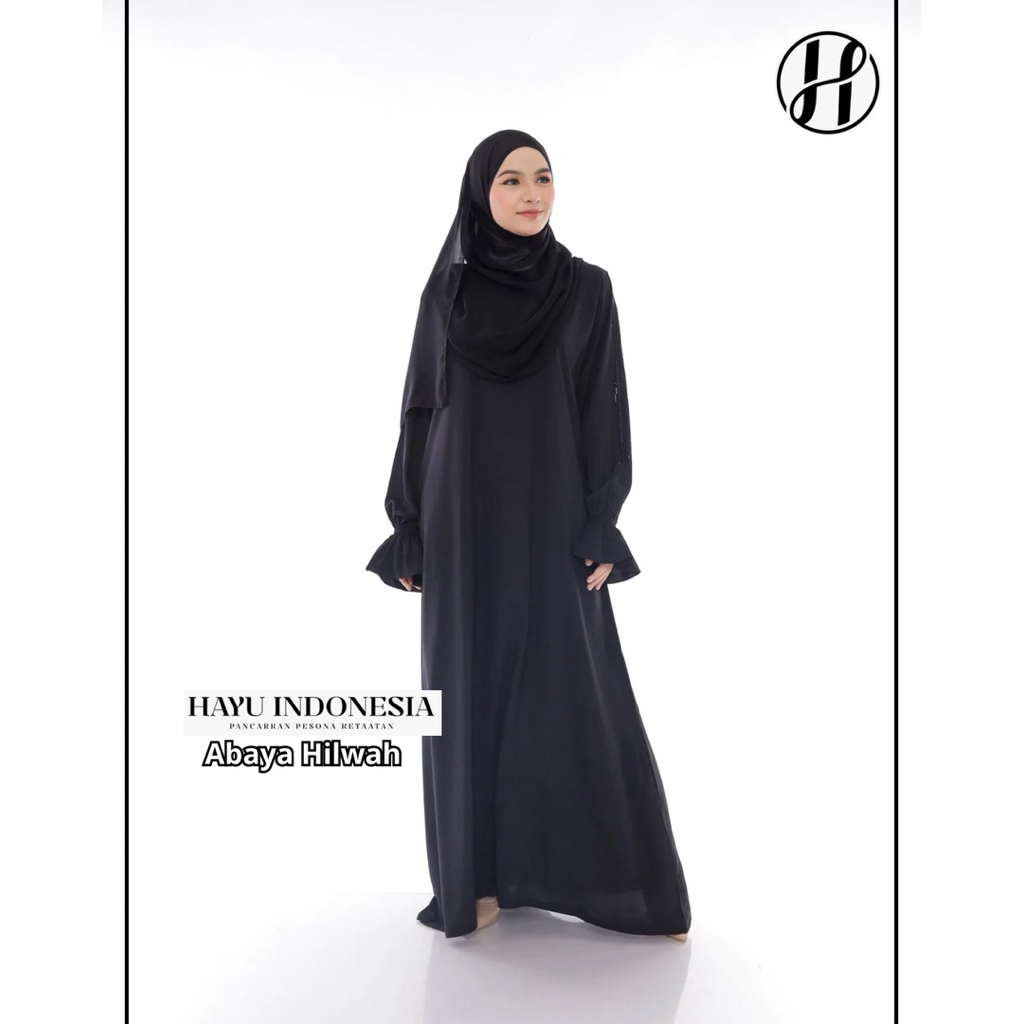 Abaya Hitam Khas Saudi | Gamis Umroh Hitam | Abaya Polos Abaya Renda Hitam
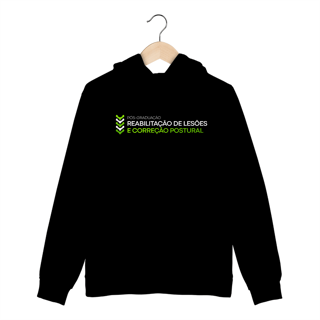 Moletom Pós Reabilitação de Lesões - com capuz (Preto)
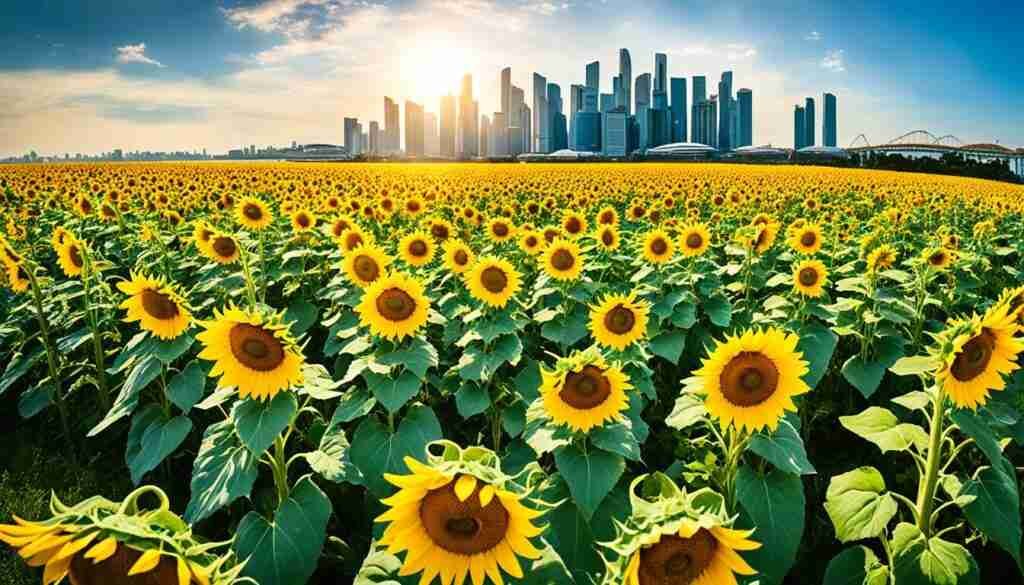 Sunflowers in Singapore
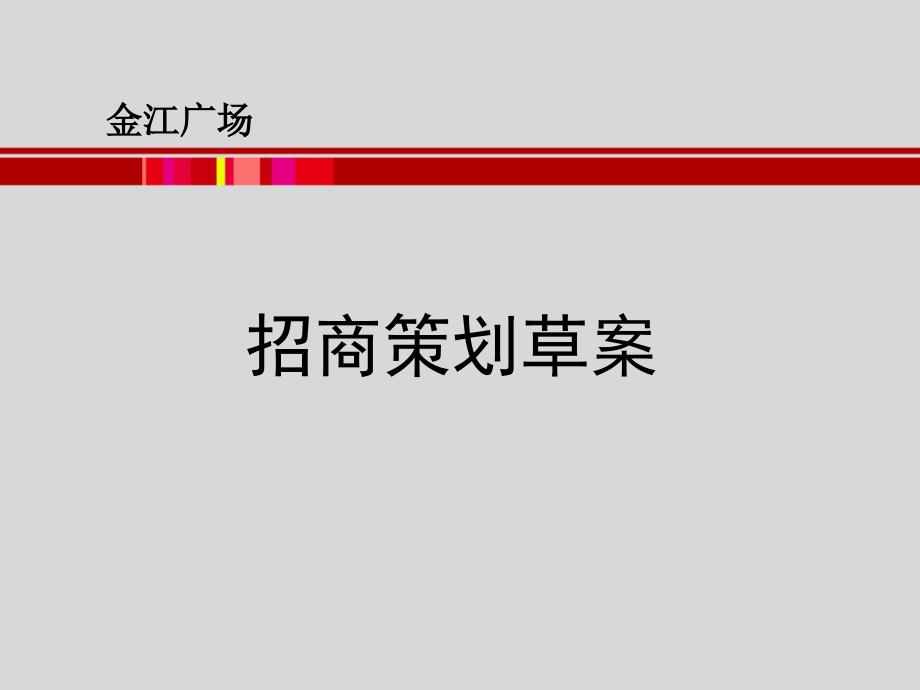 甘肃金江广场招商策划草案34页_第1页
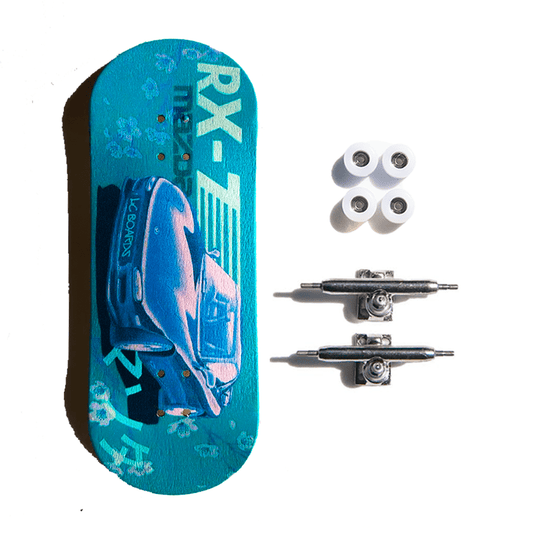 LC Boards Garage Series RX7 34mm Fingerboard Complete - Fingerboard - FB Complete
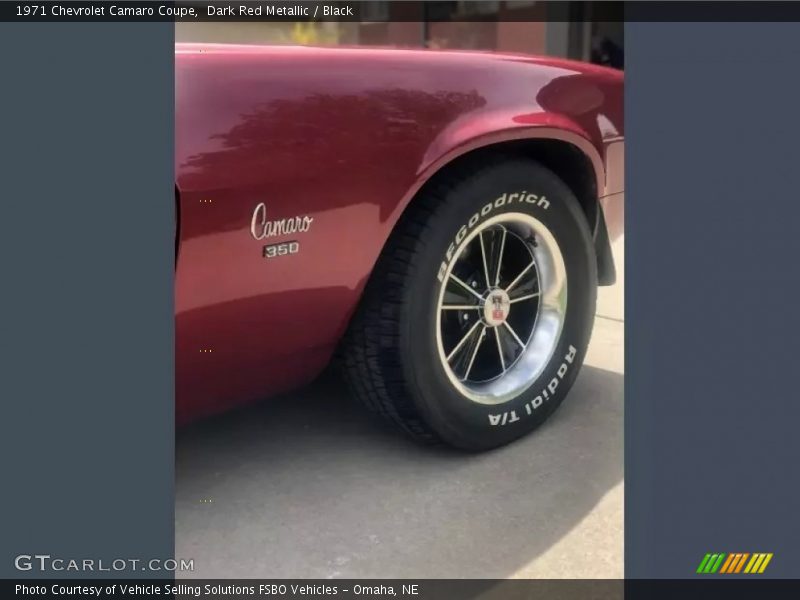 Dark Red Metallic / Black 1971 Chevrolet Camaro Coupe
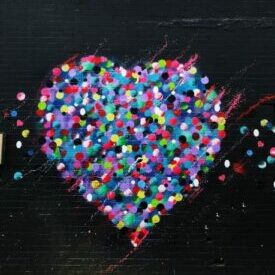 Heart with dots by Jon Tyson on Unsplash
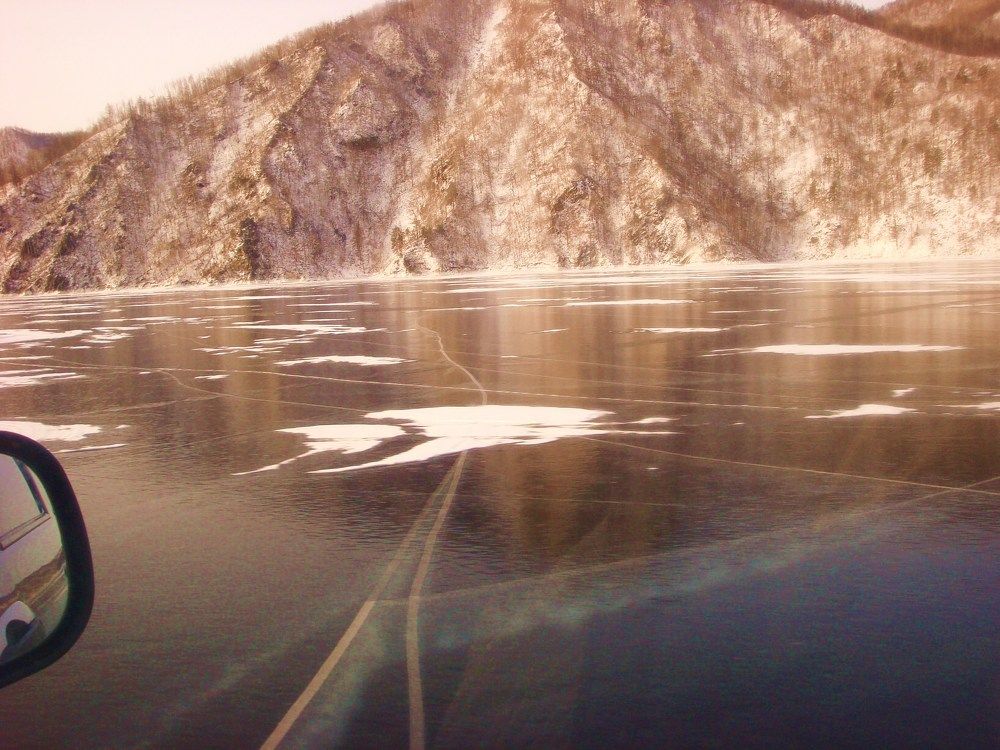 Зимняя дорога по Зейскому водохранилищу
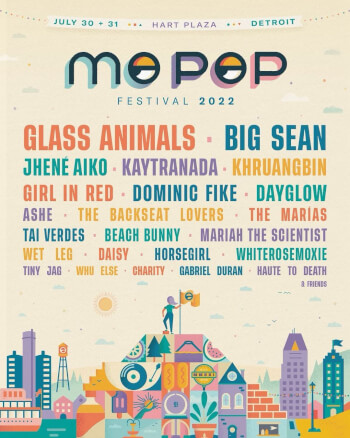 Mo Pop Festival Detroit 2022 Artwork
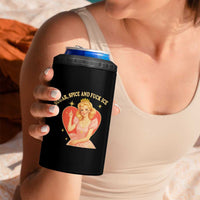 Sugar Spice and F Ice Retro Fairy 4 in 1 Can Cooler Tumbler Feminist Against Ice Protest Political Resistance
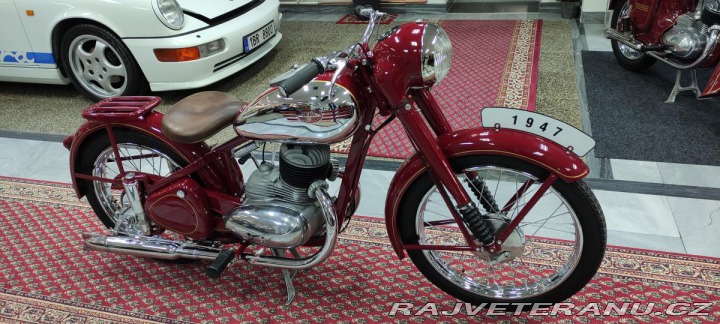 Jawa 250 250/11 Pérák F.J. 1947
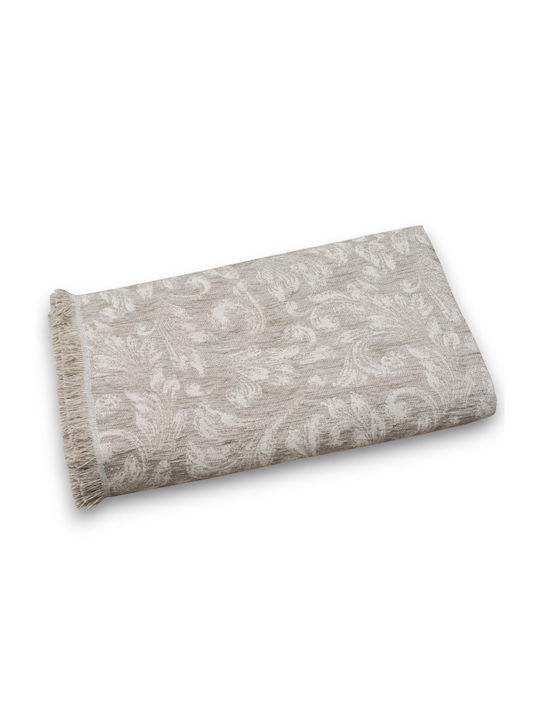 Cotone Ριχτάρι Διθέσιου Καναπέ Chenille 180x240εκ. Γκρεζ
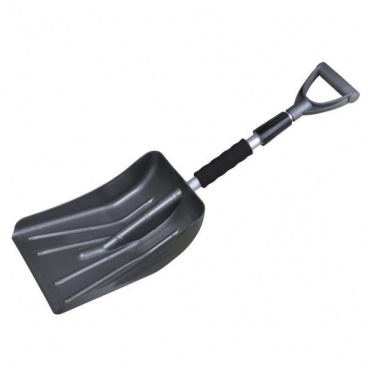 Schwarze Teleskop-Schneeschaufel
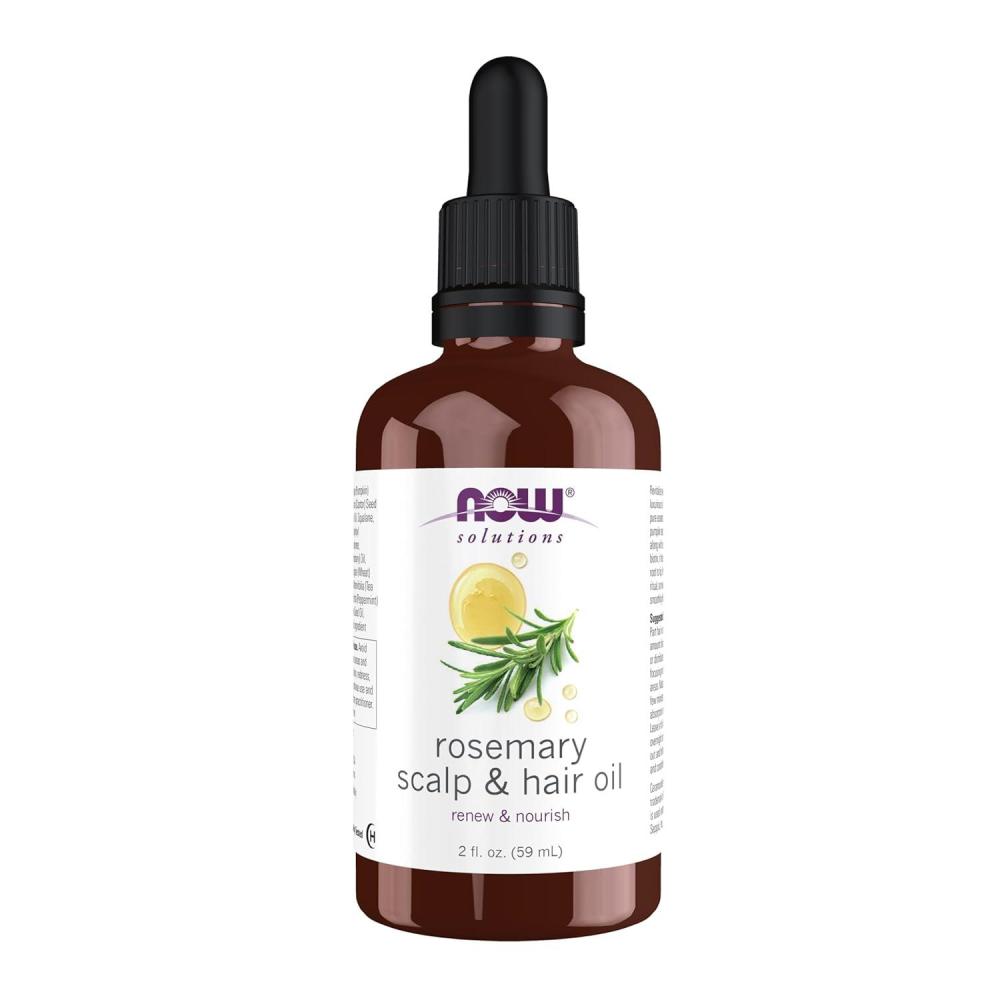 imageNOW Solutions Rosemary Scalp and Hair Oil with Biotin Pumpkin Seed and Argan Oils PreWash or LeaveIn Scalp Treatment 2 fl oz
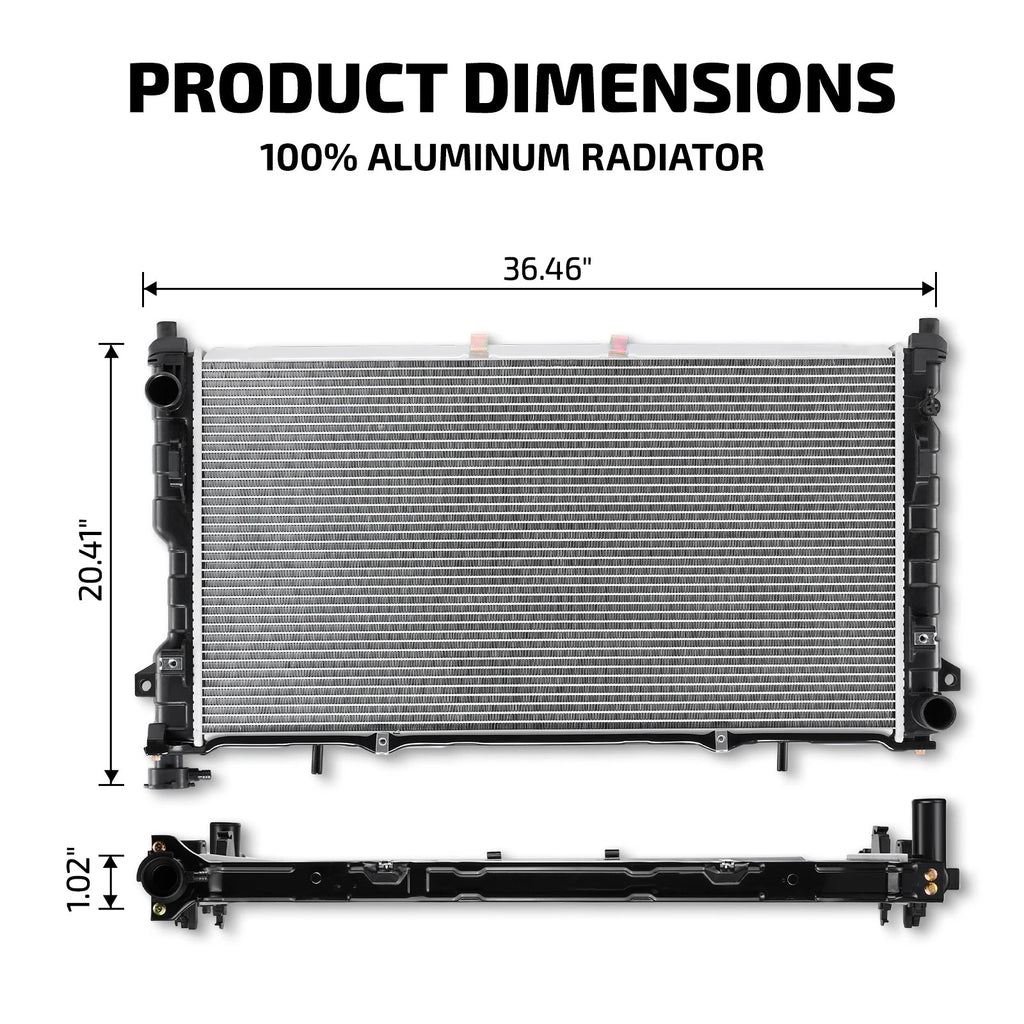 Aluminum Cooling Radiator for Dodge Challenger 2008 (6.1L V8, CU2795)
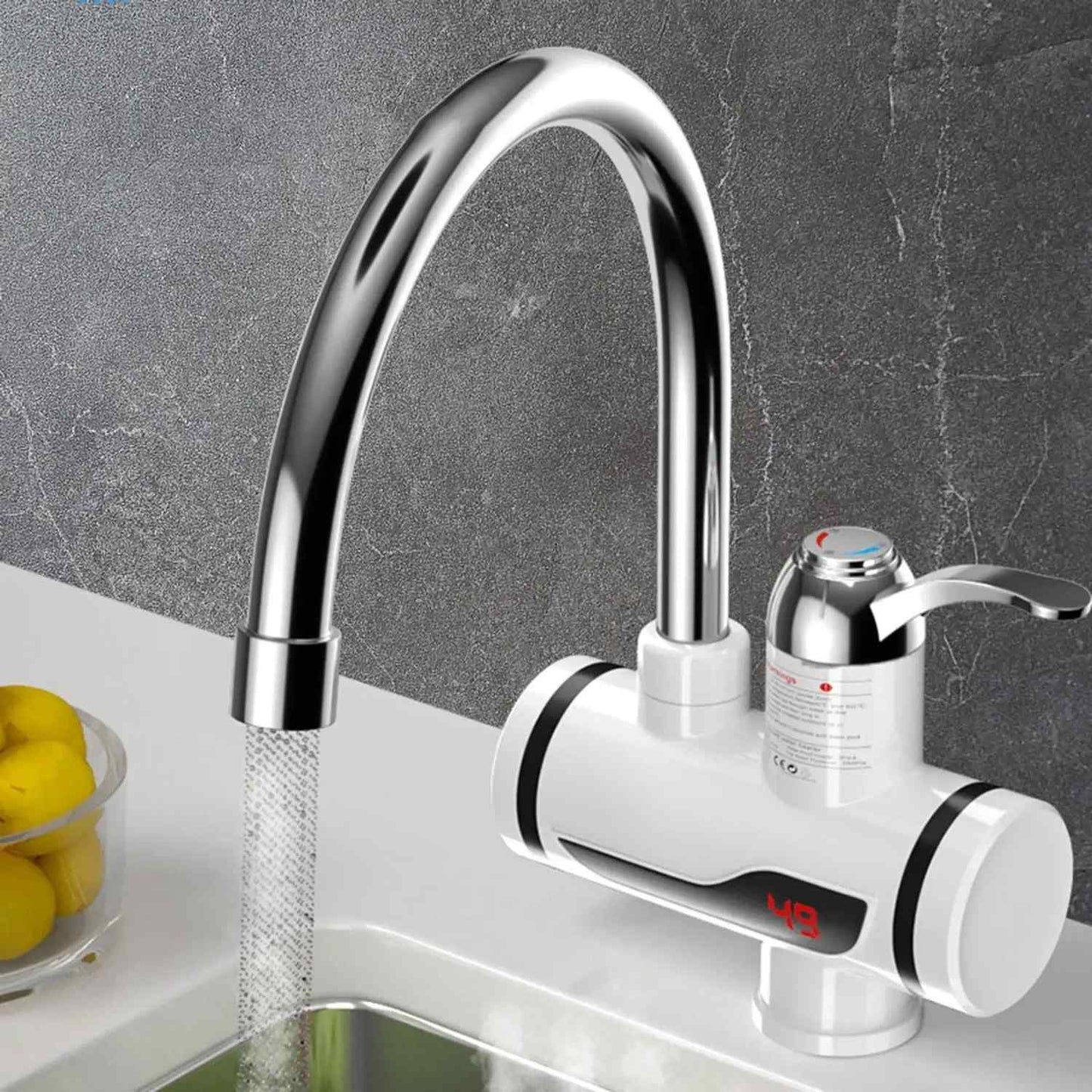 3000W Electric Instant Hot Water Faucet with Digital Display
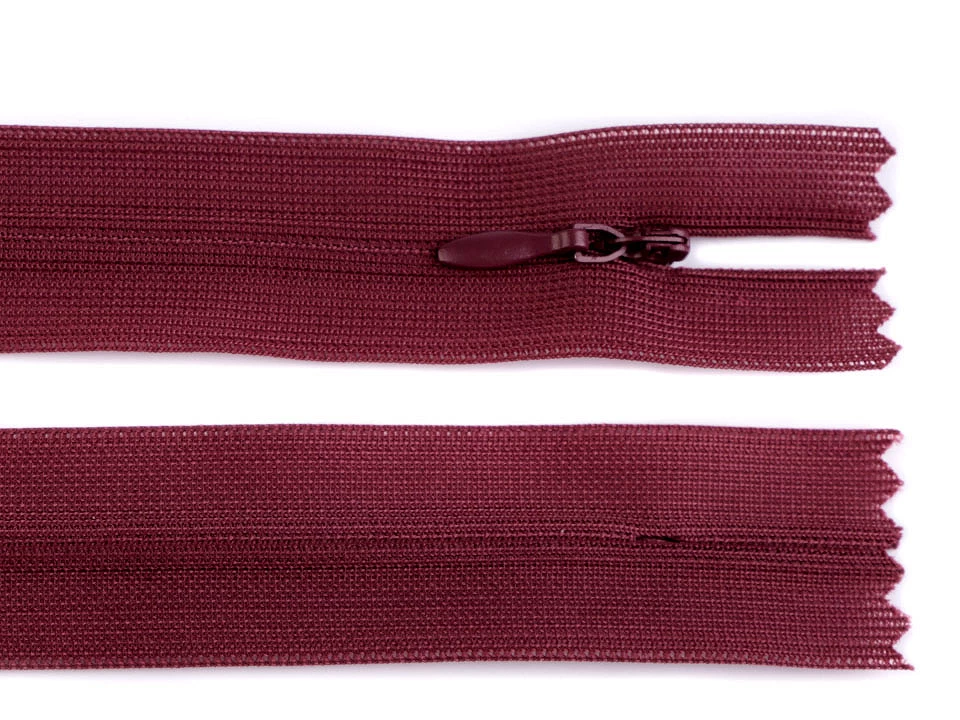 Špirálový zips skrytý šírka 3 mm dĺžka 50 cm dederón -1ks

________

#### [Work instructions]
What you return should be the whole listing, word for word, without its pictures.

#### [Answer box]
 Abaya Hitam Khas Saudi | Gamis Umroh Hitam | Abaya Polos Abaya Renda Hitam
 Moletom Pós Reabilitação de Lesões - com capuz (Preto)
 Sunflowers in Singapore
 甘肃金江广场招商策划草案34页_第1页
 LC Boards Garage Series RX7 34mm Fingerboard Complete - Fingerboard - FB Complete
 Dark Red Metallic / Black 1971 Chevrolet Camaro Coupe
 Heart with dots by Jon Tyson on Unsplash
 Зимняя дорога по Зейскому водохранилищу
 Mo Pop Festival Detroit 2022 Artwork
 Sugar Spice and F Ice Retro Fairy 4 in 1 Can Cooler Tumbler Feminist Against Ice Protest Political Resistance
 Jawa 250 250/11 Pérák F.J. 1947
 Cotone Ριχτάρι Διθέσιου Καναπέ Chenille 180x240εκ. Γκρεζ
 Schwarze Teleskop-Schneeschaufel
 imageNOW Solutions Rosemary Scalp and Hair Oil with Biotin Pumpkin Seed and Argan Oils PreWash or LeaveIn Scalp Treatment 2 fl oz
 Aluminum Cooling Radiator for Dodge Challenger 2008 (6.1L V8, CU2795)
 3000W Electric Instant Hot Water Faucet with Digital Display
 Špirálový zips skrytý šírka 3 mm dĺžka 50 cm dederón -1ks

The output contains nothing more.